A Summit on Housing:
The
Governor will also convene a housing summit to further craft modification and
foreclosure abatement solutions.
Preventing Another Mortgage
Crisis:
The Governor's plan ensures more
responsible lending to help prevent Californians from ever again being
victimized by unsustainable loans. In order to prevent a future mortgage
crisis, the Governor prescribes a set of proposals, including:
- The state (Department of Real Estate and Department of Corporations) will now be able to enforce federal laws and regulations such as the Truth in Lending Act and others, and to discipline real estate licensees who violate those laws and regulations.
- Lending practices will be reformed to protect borrowers by 1) expanding fiduciary duties for mortgage brokers so that borrowers can be assured they are getting a loan that suits their circumstances, and 2) penalizing lenders who make false or misleading statements.
- Licensing requirements for loan originators will be increased and standardized.
- California will contribute to a national database for the public to access license status and disciplinary records of all loan originators to prevent dishonest originators from victimizing consumers.
- Pre-counseling interviews will be required for borrowers entering into risky "non-traditional" mortgages, as defined by the federal government, to ensure they understand and accept the terms to which they are agreeing.
The Governor's mortgage plan also includes:
- Urging the federal government to require loan originators to retain a portion of the loan risk to encourage sound underwriting of loans.
- Encouraging the federal government to promote the use of "covered bonds" which allow lenders to securitize loans but require them to retain those assets on their balance sheets.
This Prescription Builds on the Governor's Previous Actions to Help Stabilize California's Housing Market
- Signed legislation to help protect homeowners by requiring a mortgage holder to provide a 30-day notice to a borrower prior to filing any default notice leading to the foreclosure.
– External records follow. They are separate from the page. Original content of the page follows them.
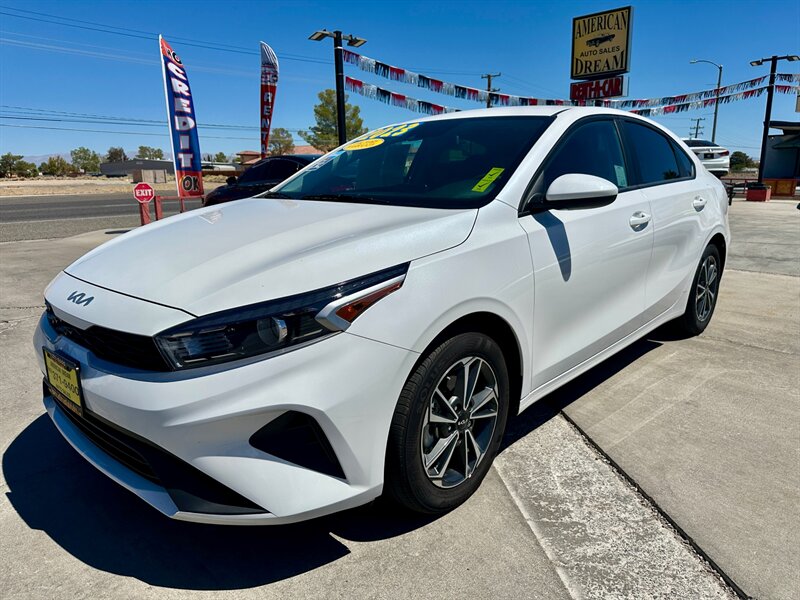 2023 Kia Forte LXS  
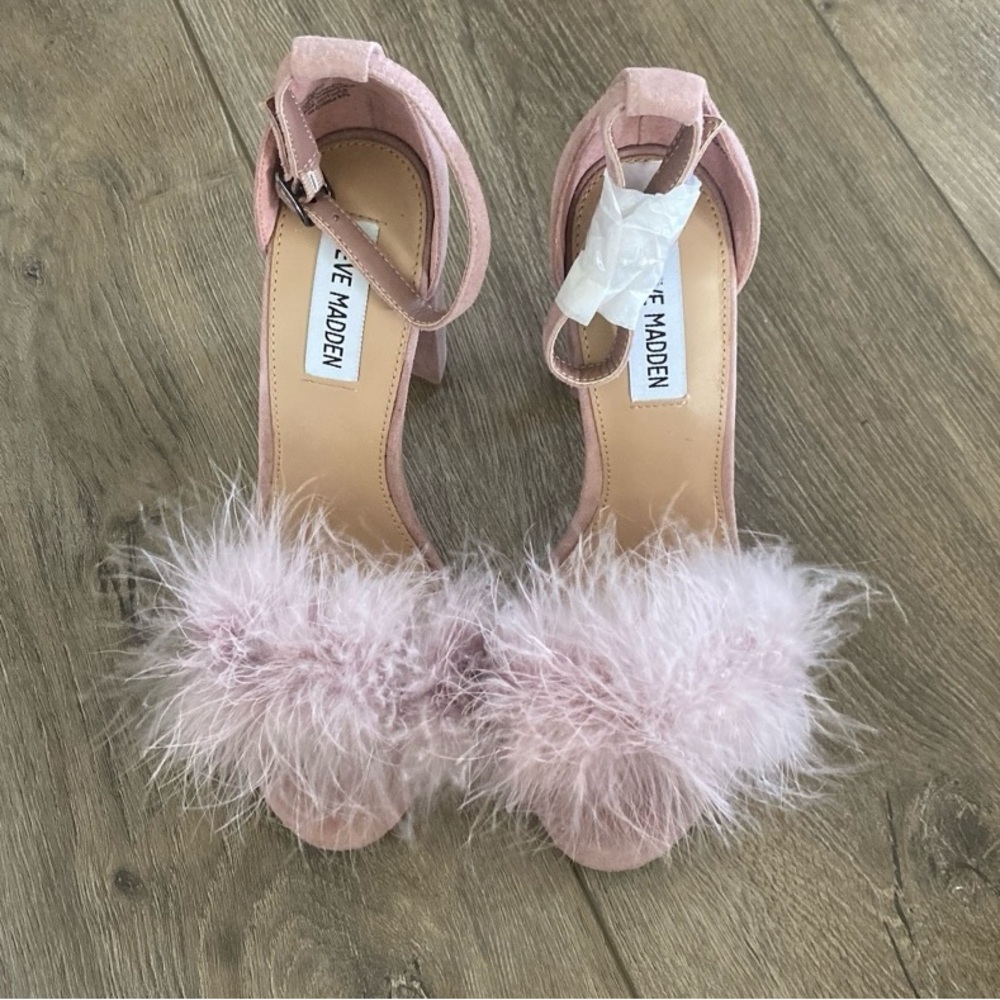 Steve Madden Carabu Rose Suede Heels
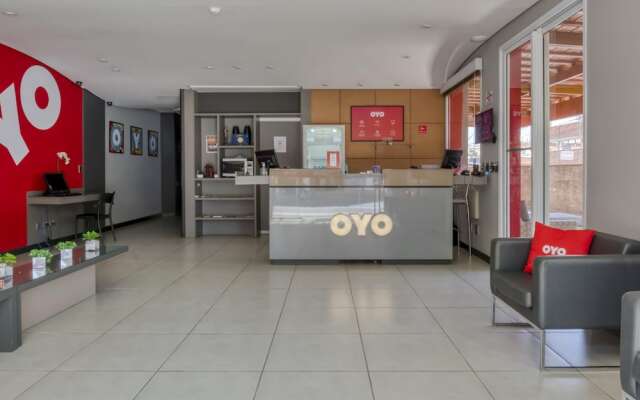 OYO Hotel Anália Franco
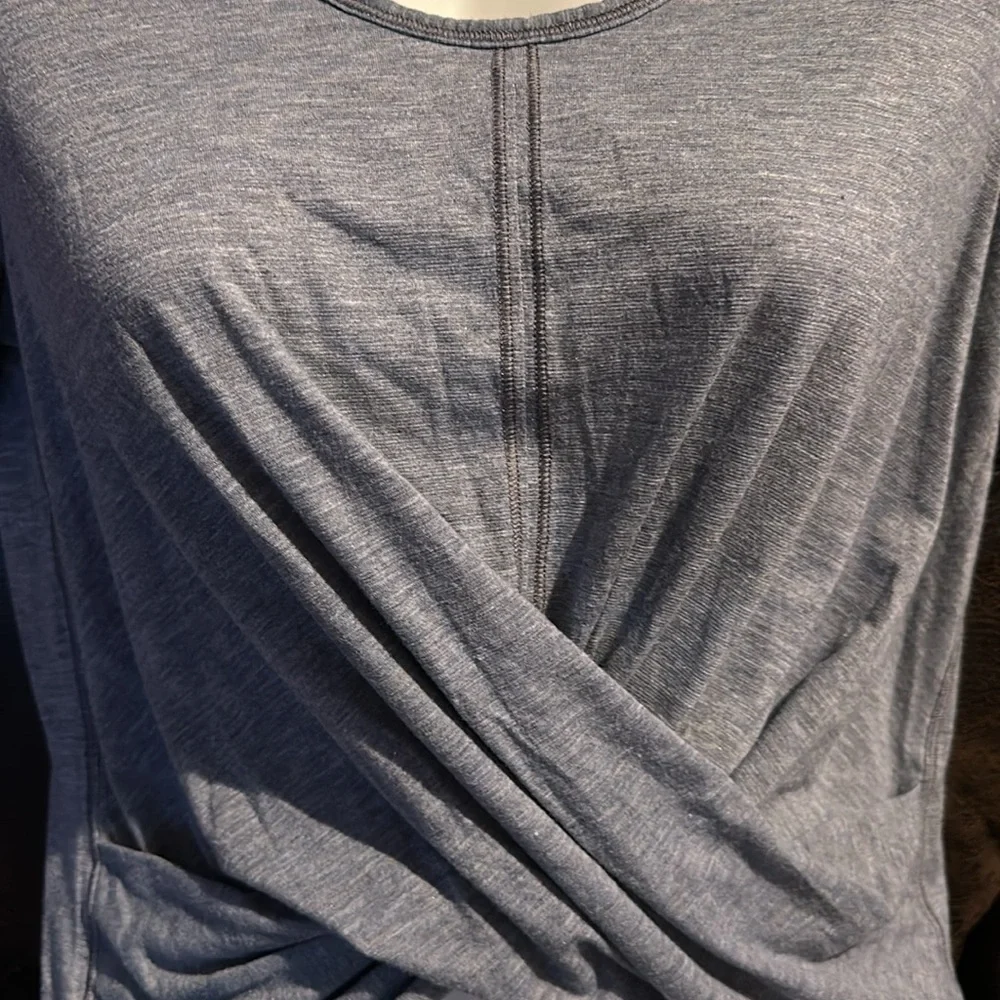 Lululemon Gray Women's Twist Front Top Size 2
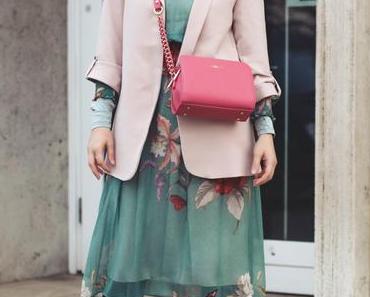 Florales Frühlingsoutfit mit Blumenkleid, Blazer und Lui Jo Bag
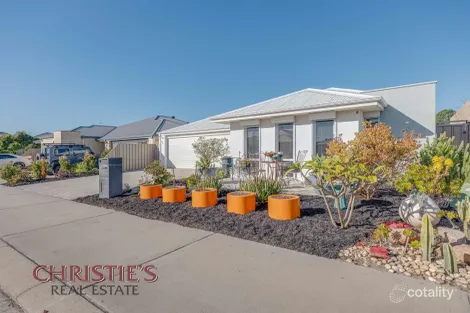 Property photo of 6 Albarello Way Dayton WA 6055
The new law also provides tenants of foreclosed properties a minimum of 60 days notice to move and requires holders of foreclosed properties to maintain the property.
- Announced an agreement with major loan servicers to streamline the loan modification process for subprime borrowers living in their homes.
- Launched a $1.2 million public awareness campaign to help educate homeowners about options that can help them avoid losing their homes to foreclosures.
- Established the Interdepartmental Task Force on Non-traditional Mortgages to ensure a comprehensive and coordinated approach to the issues raised by subprime loans.
- Announced $5.6 million to help mortgage and banking industry workers laid off as a result of the subprime crisis make career transitions to high-demand jobs in other industries.
- Joined the OneCalifornia Foundation to announce a bridge loan fund for homeowners facing foreclosure in Oakland.
- Awarded $8 million to community based mortgage counseling providers around the state to help avoid foreclosures.